I'm happy to say that they are doing careful work and have been responsive to my concerns. For example, when I asked him to check out the DCI website about Smart Vent, he did so, and got right back to me saying that it seemed like a cool approach to ventilating and that he wanted to try it on our house. He charged me only $225 to upgrade from installing standard soffit vents (in original bid) to using SmartVent for a total of 75 running feet. Bottom line is that I reeally don't think he's out to cut corners (but I appreciate your frankness) and feel that he's sincerely trying to do a quality job.

I'm sure that if I pushed the issue, he'd be willing to replace the total of 60 feet or so of old drip edge that's still readily accessible-- what would that cost... $50 or $60? But I don't want to be petty.

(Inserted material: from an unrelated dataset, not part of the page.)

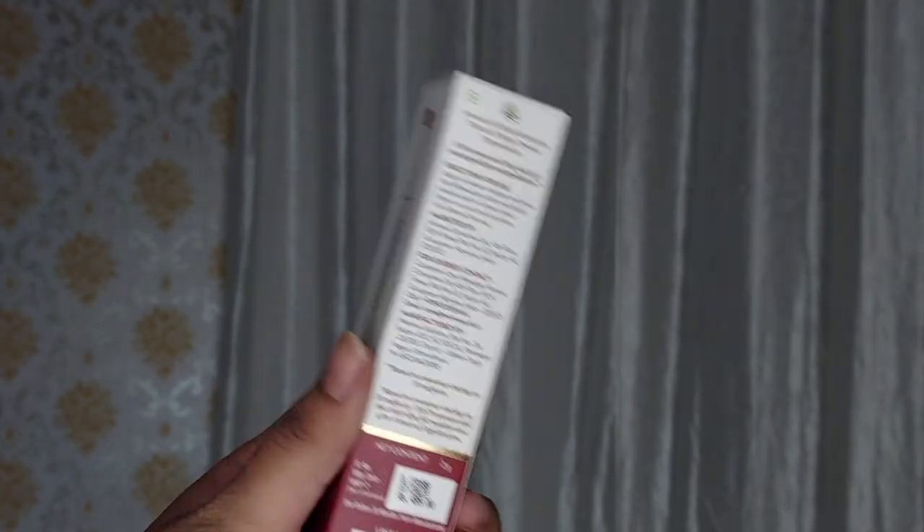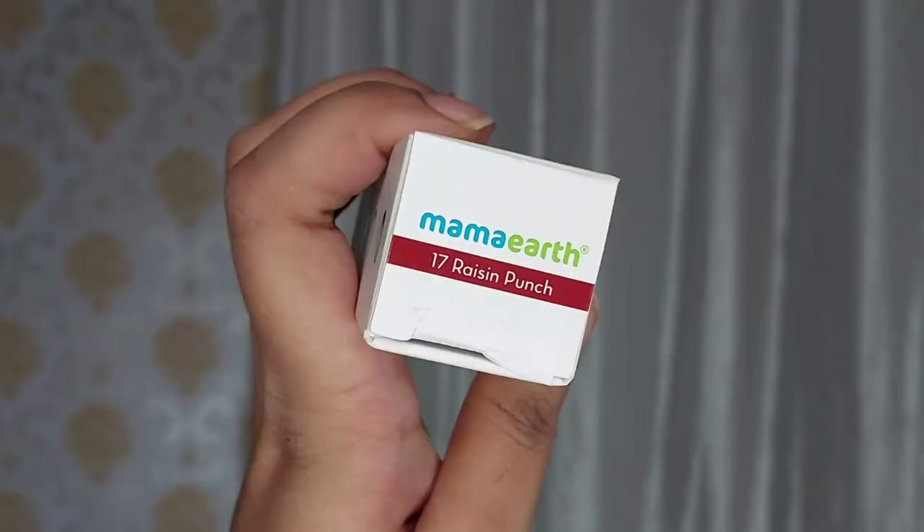Let's start with the packaging. These come in a cardboard packaging in which you get everything written — direction of use, key ingredients and everything is mentioned. This is dermatologically tested, a comfortable wear that they say, and this is also a smudge proof lipstick. You get the name with a number. These have 8R Lock Moisture Lock and are Made Safe certified. Also it has 12 hours staying power that they mention.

I guess the bottom line is, does it matter? We have galvanized steel edging. Or would new drip edge look like old drip edge in a year or so? I have to admit the old edge doesn't look like its rusting or corroded, just a bit weather spotted.

We don't have gutters on our house, so it would be simple enough to remove the gutter apron or drip edge at the bottom of the roof.


----------



## Ed the Roofer

I was not directing my lack of installing drip edge material comment at your roofing contractor.

He seems like a stand up guy and represents the profession well from what you have stated.

My comment was one of my many pet peeves about the entire roofing industry. Cut out a few dollars of necessary product here and a few more dollars here, and oh by the way...you don't really believe that you need any more than 3-6 mushroom style vents...do you???????

Too many contractors are more concerned on how to do the cheapest job irregardless of the eventual outcome just so they can obtain another job on the schedule. 

Most homeowners will not realize how much they got short changed until years down the road, when they need to have their 12-15 year old roof replaced prematurely. Then they will typically feel that the shingle product did not live up to its stated warranty. Usually, it was due to all of the corners being cut during the initial installation and the specifications which were under the requirements.

Tell your roofer that there is alot more to be learned if he so desirees, by registering at the parent site, contractortalk.com where he can even further expand his business and professional knowledge.

Since he was willing to look up the Smart Vent from DCI Products, he seems like the type of contractor we need more of.

Once again:

ContractorTalk.com

Ed


----------



## amazer

You make some good points, Ed. Much appreciated-- in fact, Google put me on ContractorTalk.com early in my roofing research, and that was quite informative, especially since the content was from the contractor's point of view.

I can see that you contractors have your work cut out for you, since there's obviously quite a bit more to roofing than meets the eye. You have to deal with the suspicions and thriftiness of skeptical homeowners who can't quite believe that they need to revamp their ventilation systems. And you have to balance coming in with a reasonable or low bid with the real-life demands of what doing a quality job entails.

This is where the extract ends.